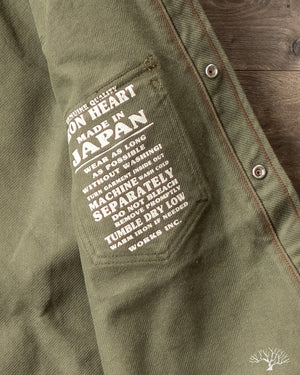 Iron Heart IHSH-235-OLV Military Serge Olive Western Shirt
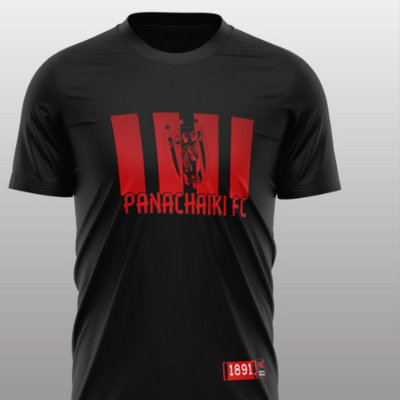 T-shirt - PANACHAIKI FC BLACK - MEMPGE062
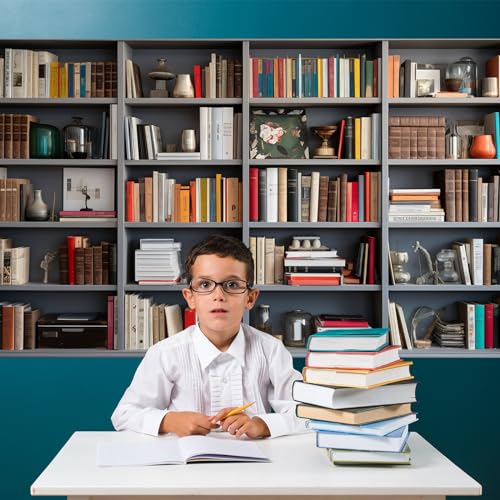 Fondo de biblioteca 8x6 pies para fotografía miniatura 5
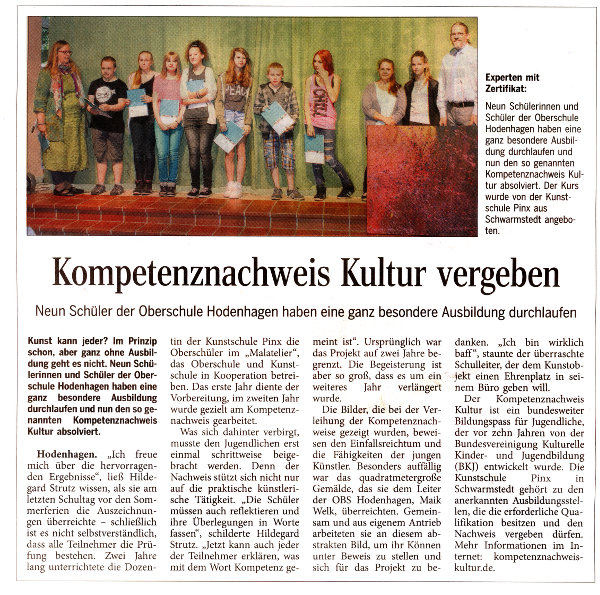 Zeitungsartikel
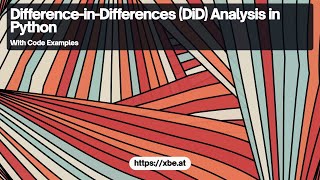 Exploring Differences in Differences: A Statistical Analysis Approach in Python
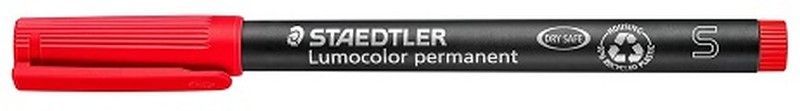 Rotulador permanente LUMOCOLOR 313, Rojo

---

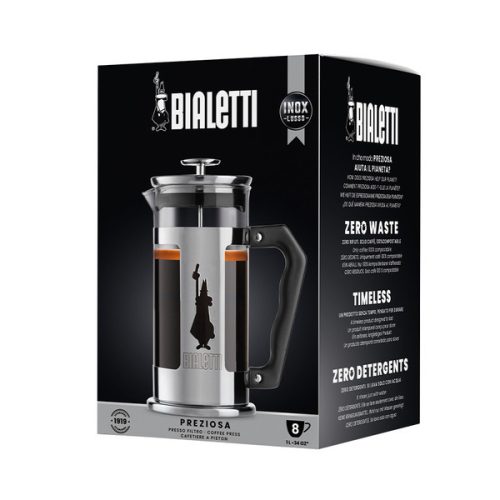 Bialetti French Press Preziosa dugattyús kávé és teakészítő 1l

* * *

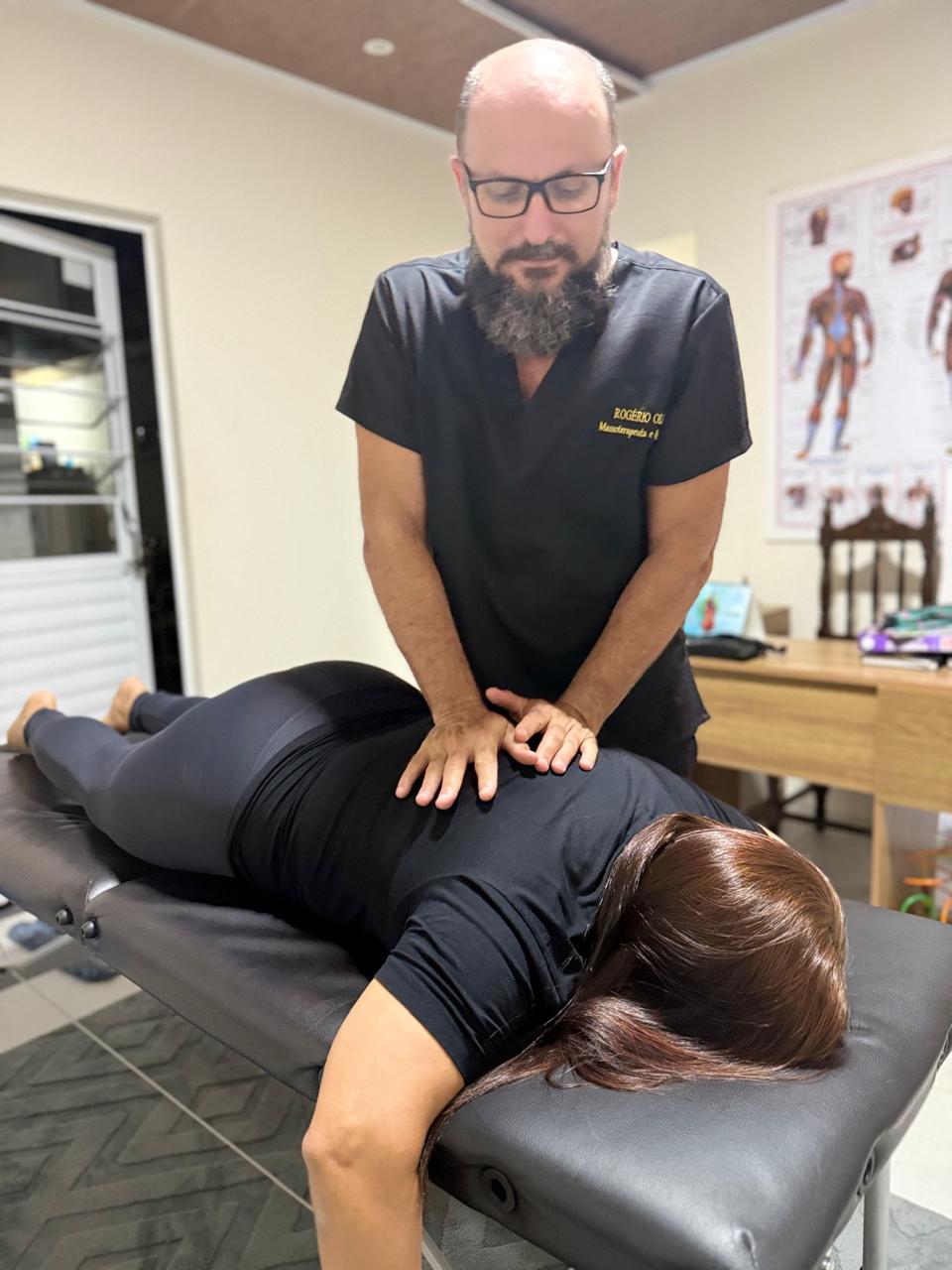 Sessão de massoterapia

_ABOUT THIS TASK:_
Please return the data above exactly as it stands from the line with "Iron Heart IHSH-235-OLV" to the line with "Rotulador permanente LUMOCOLOR 313, Rojo", keeping both of those lines but none of the pictures.

_WORKED SOLUTION:_
 Iron Heart IHSH-235-OLV Military Serge Olive Western Shirt
 T-shirt - PANACHAIKI FC BLACK - MEMPGE062
 Fondo de biblioteca 8x6 pies para fotografía miniatura 5
 Zeitungsartikel
 Exploring Differences in Differences: A Statistical Analysis Approach in Python
 Rotulador permanente LUMOCOLOR 313, Rojo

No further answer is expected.